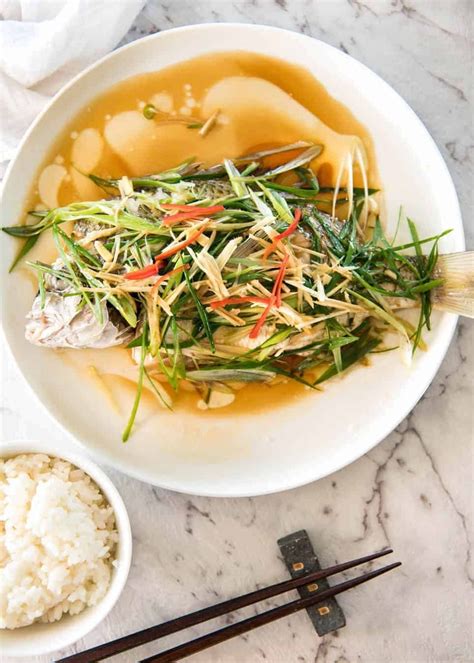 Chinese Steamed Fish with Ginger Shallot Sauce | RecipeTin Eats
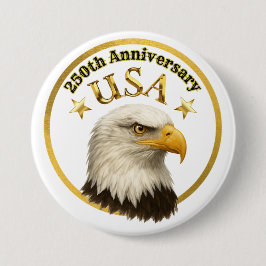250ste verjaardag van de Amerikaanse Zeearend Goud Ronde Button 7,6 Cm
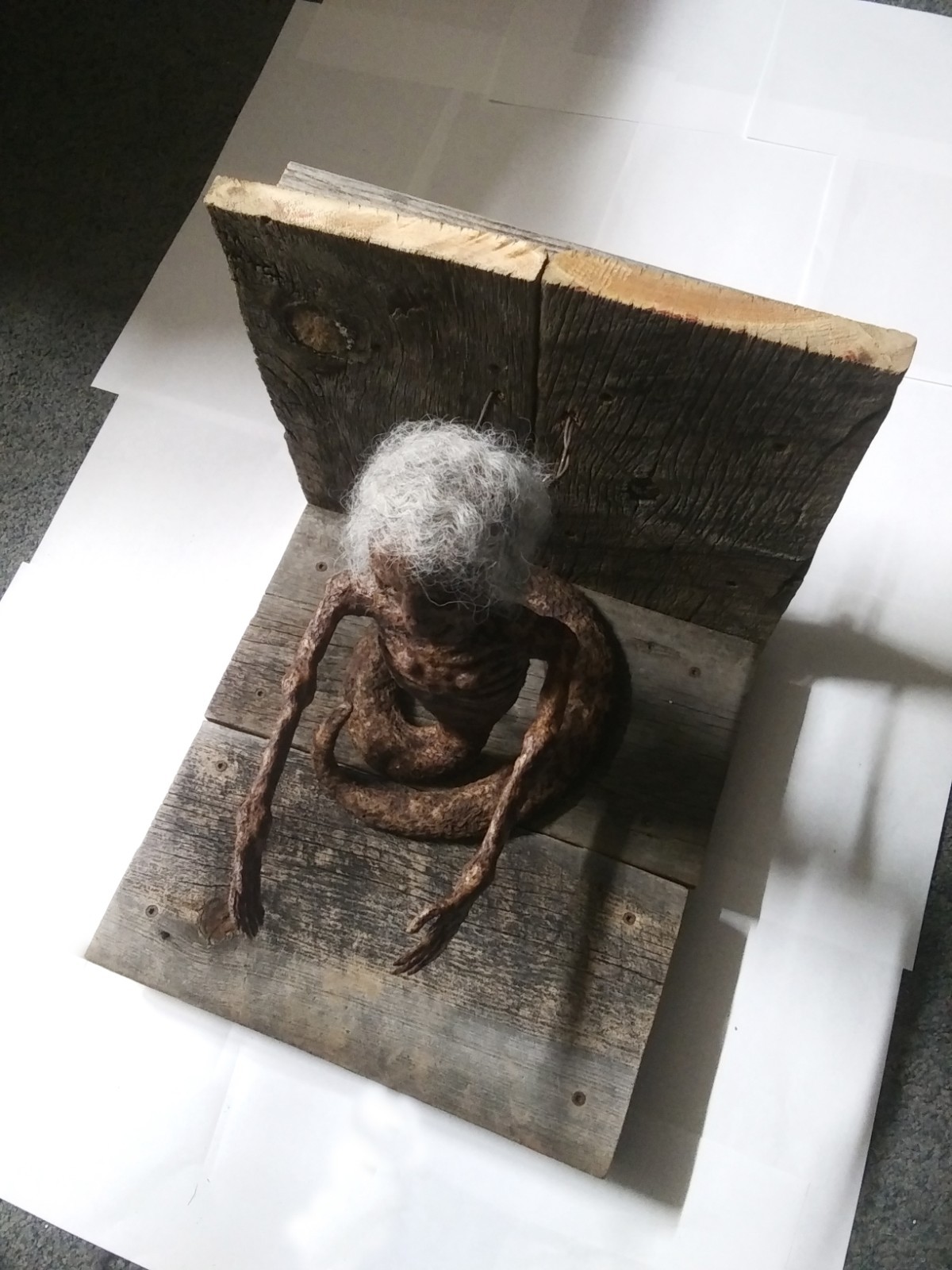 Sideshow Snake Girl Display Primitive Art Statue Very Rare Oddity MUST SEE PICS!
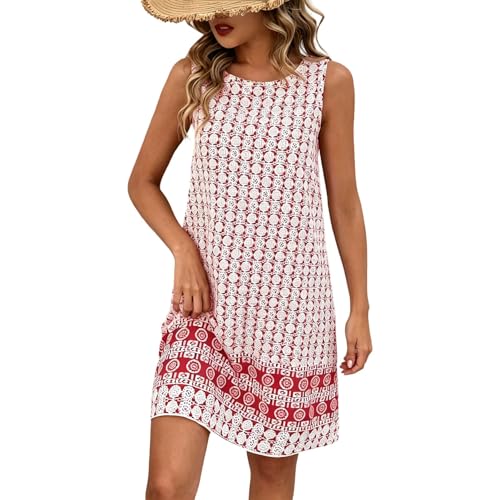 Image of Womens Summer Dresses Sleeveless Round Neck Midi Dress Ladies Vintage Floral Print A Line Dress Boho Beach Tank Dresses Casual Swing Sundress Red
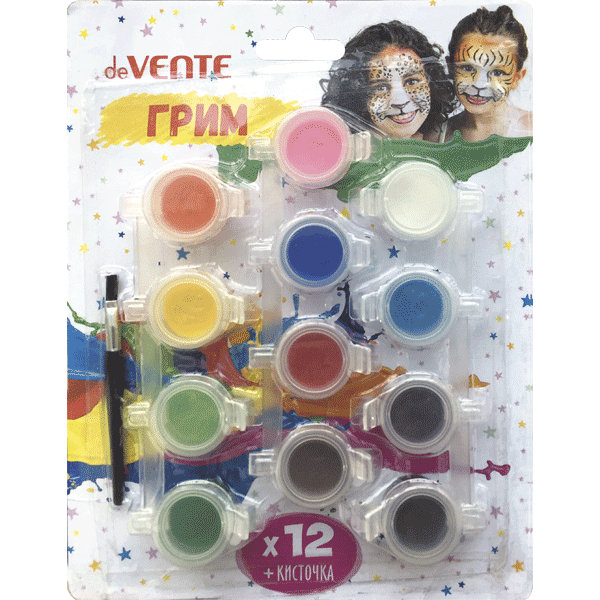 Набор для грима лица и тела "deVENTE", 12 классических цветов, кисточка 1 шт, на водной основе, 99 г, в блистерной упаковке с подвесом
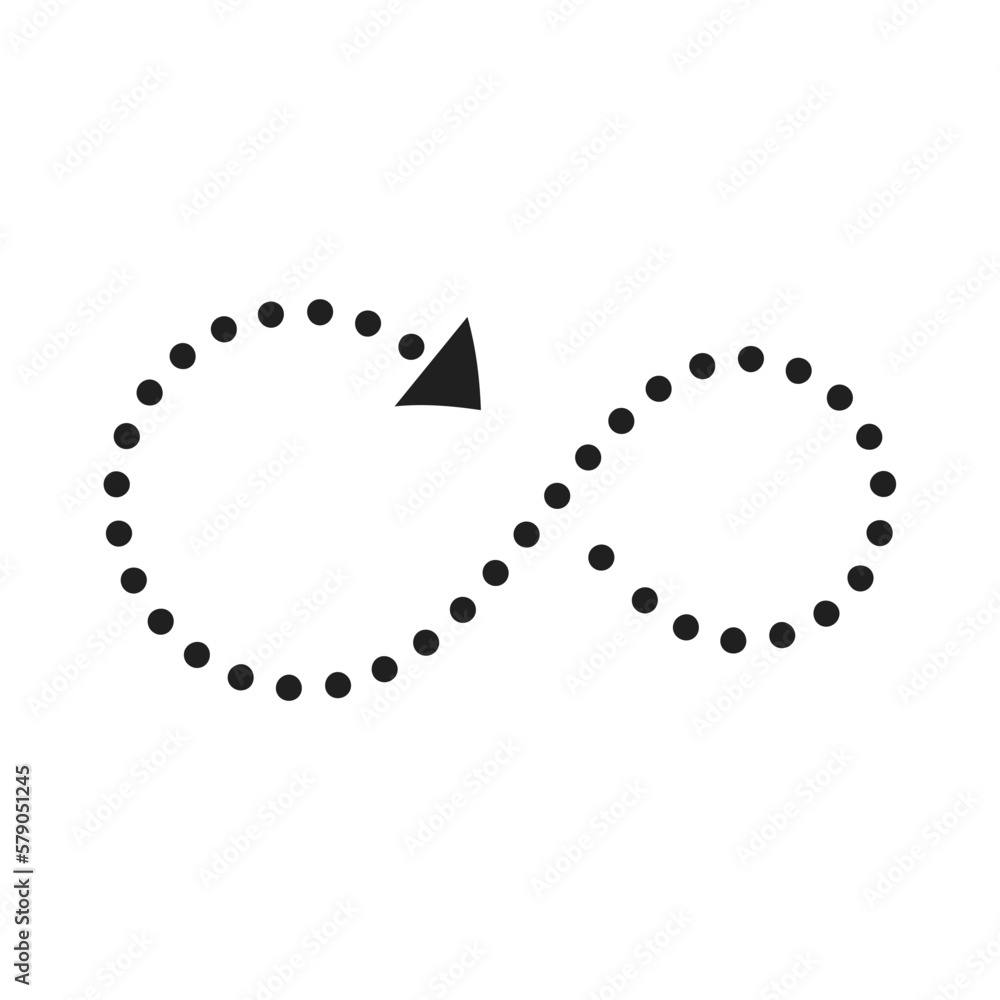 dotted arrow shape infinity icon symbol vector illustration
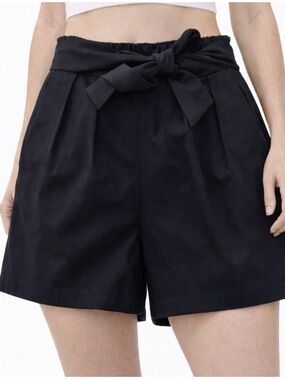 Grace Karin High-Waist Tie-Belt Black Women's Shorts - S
::::::::::
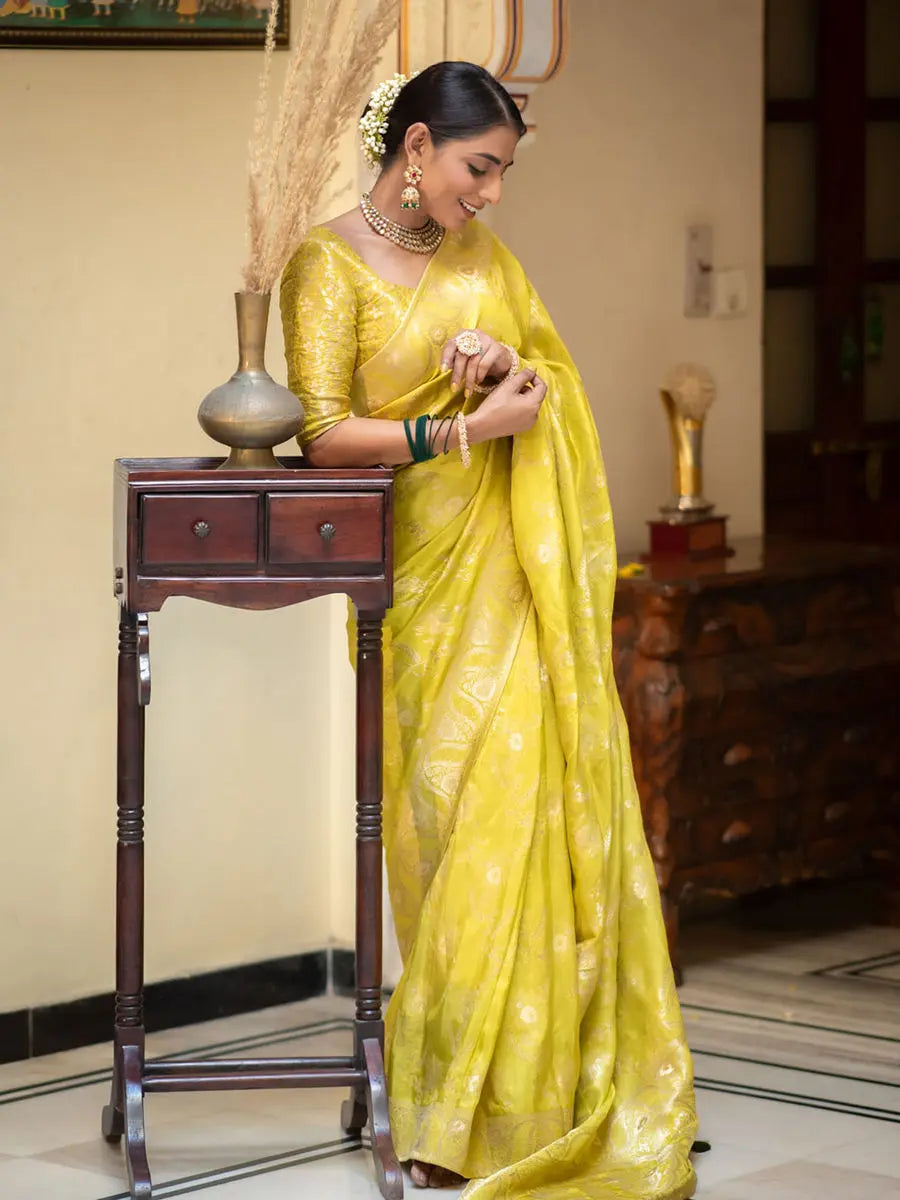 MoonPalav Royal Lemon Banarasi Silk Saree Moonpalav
::::::::::
--- Action item ---
I'd like the lines above repeated exactly, from the one that contains "dotted arrow shape" through the one that contains "Grace Karin High-Waist", with no pictures.

--- Task result ---
 dotted arrow shape infinity icon symbol vector illustration
 Grace Karin High-Waist Tie-Belt Black Women's Shorts - S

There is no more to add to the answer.